In an open society, a communist is perfectly entitled to join the political race, but he is not allowed to hinder others from participating in that race or obstruct or even abolish open political competition.
This being so, liberalism faces natural limits to its ambitions. And these limits are set by liberty herself.
Liberals will tend to condone a set of policies that is only partially, perhaps even hardly congruent with the set of policies approved by other partisans equally entitled to pursue their policy variants under the pluralist proviso.
If a party B campaigns under the slogan "no welfare state," whereas another, ultimately victorious party A promises to introduce the welfare state, A is perfectly entitled to implement her campaign promise, as long as A does not violate the pluralist proviso. This is a fundamental and unalienable requirement of freedom.

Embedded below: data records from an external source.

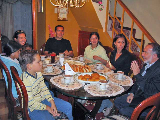 todos los invitados a las onces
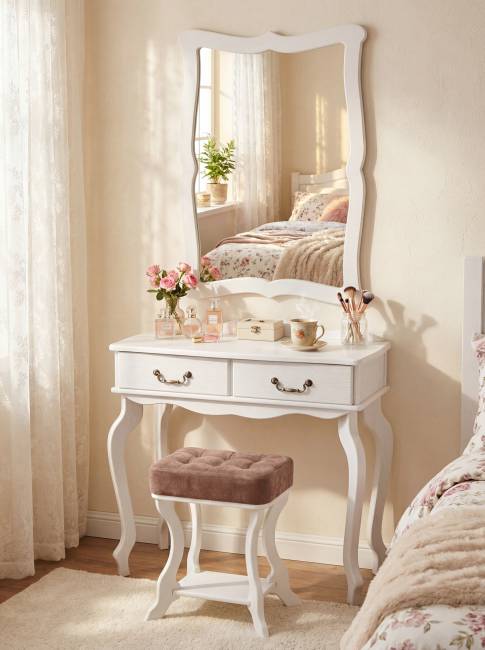 Банкетка Берже 26 белый ясень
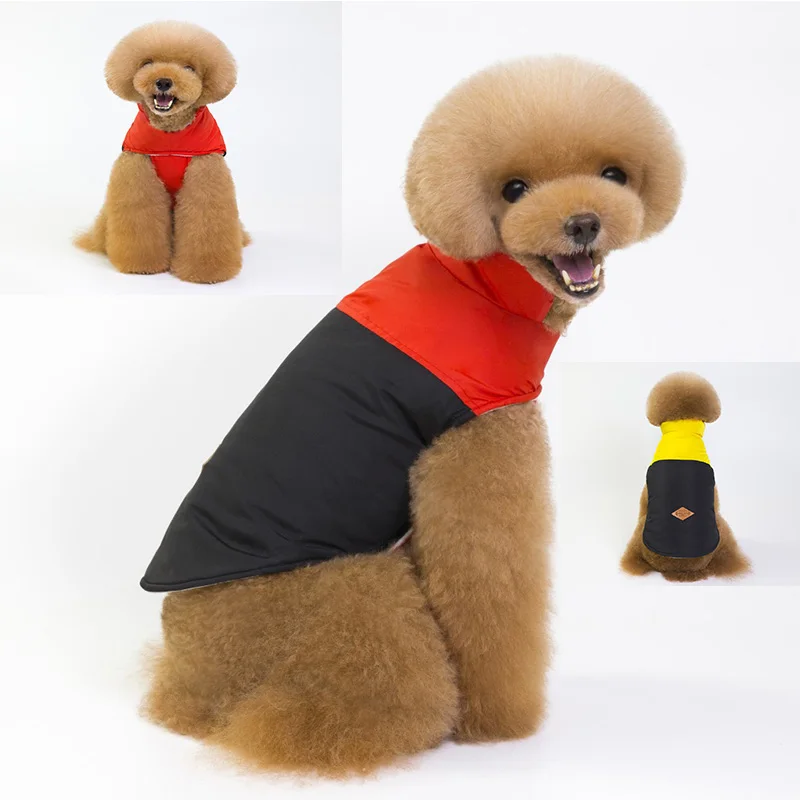 Ganyue Pet Dog Vest Jacket Clothing Autumn Winter Windproof Warm Dog Clothes Coat for Small Medium Big Large Dogs Puppy Pitbull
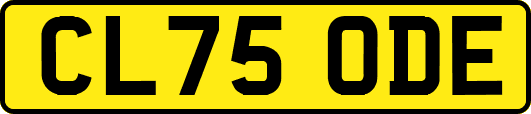 CL75ODE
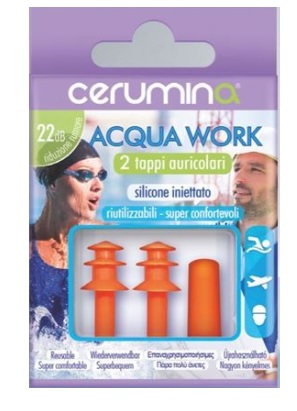 CERUMINA ACQUA WORK 2 PEZZI - Magnumfarma.it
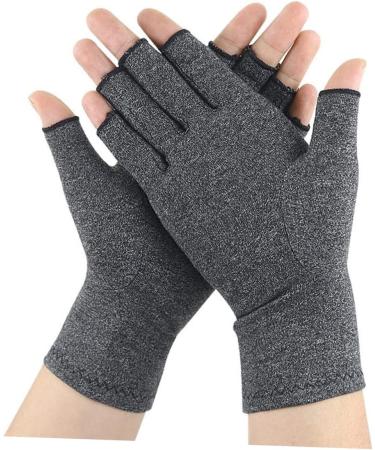 Healeved Fingerless Gloves for Men & Women - Night Wrist Support & Safety Protective Gloves - 3 Pairs - Buy Online on GoSupps.com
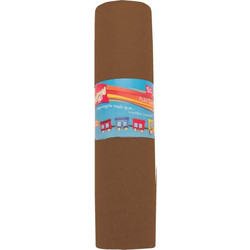 Τσόχα Groovy ρολό 50cm x 5m 180gr Καφέ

Non-liberals tend to dominate the corridors of political power for at least two reasons:
(2) Freedom Demands, Enables, and Protects Political Action
The pluralistic proviso, i.e. freedom herself, admits far more political action than is palatable to the classical liberal. Within that margin people will try out all sorts of policies rejected by the classical liberal. In this manner, not only will they discover popular and successful arrangements, but they will also create a delta of path dependency in such a way that soon novel political action will be genuinely needed to react upon past political action.

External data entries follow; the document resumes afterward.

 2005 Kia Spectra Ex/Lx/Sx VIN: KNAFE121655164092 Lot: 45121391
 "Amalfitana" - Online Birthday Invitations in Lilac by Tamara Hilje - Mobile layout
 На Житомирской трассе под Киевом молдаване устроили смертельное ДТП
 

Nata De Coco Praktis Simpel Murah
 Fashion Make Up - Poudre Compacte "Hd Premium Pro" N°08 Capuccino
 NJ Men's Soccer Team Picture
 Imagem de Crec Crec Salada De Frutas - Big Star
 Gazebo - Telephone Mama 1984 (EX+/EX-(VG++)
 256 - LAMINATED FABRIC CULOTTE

The simple fact of the matter is that the number of people expecting politics to take action is larger than the number of people who reject such action on classical liberal grounds. So the experimental work of politics will be dominated by non-liberals. They will tend to build the political order, the infrastructure of political participation that freedom demands and protects.
Sure enough, there are policies that are blatant dangers to freedom, but it simply is not true that all or even most of the policies not condoned by liberals are in that class. Furthermore, (a) the political system has safety arrangements to deal with severely malignant policies, (b) notably a robust pluralism, and, not least, (c) there is freedom's corridor of success, which is difficult to leave once the institutions of liberty have taken root:
(3) Freedom as Method and Mean Reversion toward Liberty
Most likely, freedom survives - with or without the support of the classical liberal - because civil society as it has emerged in some 25 countries or so in the last 300 years is
(a) hard-wired to grow around the rough contours of freedom, and
(b) in an open society we have grown accustomed to practice freedom as method as opposed to relying on her in the form of a monolithic and socially predominant political creed.
[C]apitalism-and-freedom survive because they work so much better than anything else. Sooner or later, people find out about it, adapt to this condition, and avoid the pain that afflicts them when they move away too far from robust conditions of freedom. In this way, we travel within a corridor of success whose middle lane may be thought of as its most workable and efficacious part. The farther you veer away from the centre section, the more the deviation begins to hurt - and people tend to return to the middle, as the Germans did after 1945.
Liberalism, as I absorb it into my world view, is not a doctrine whose adepts know all the answers to everything, including a perfect blueprint of the way the world should be. My liberalism is perhaps best described as the application of Sir Karl Popper's critical method to societal affairs. My liberalism is thus rather a way of questioning and probing into claims of how society works or should be run. My liberalism is a method by which we test policy proposals by investigating their remoter consequences. The more people revert to such testing, the better the outcome, that is: the lesser the damage from zealotry, myopia, and superficiality.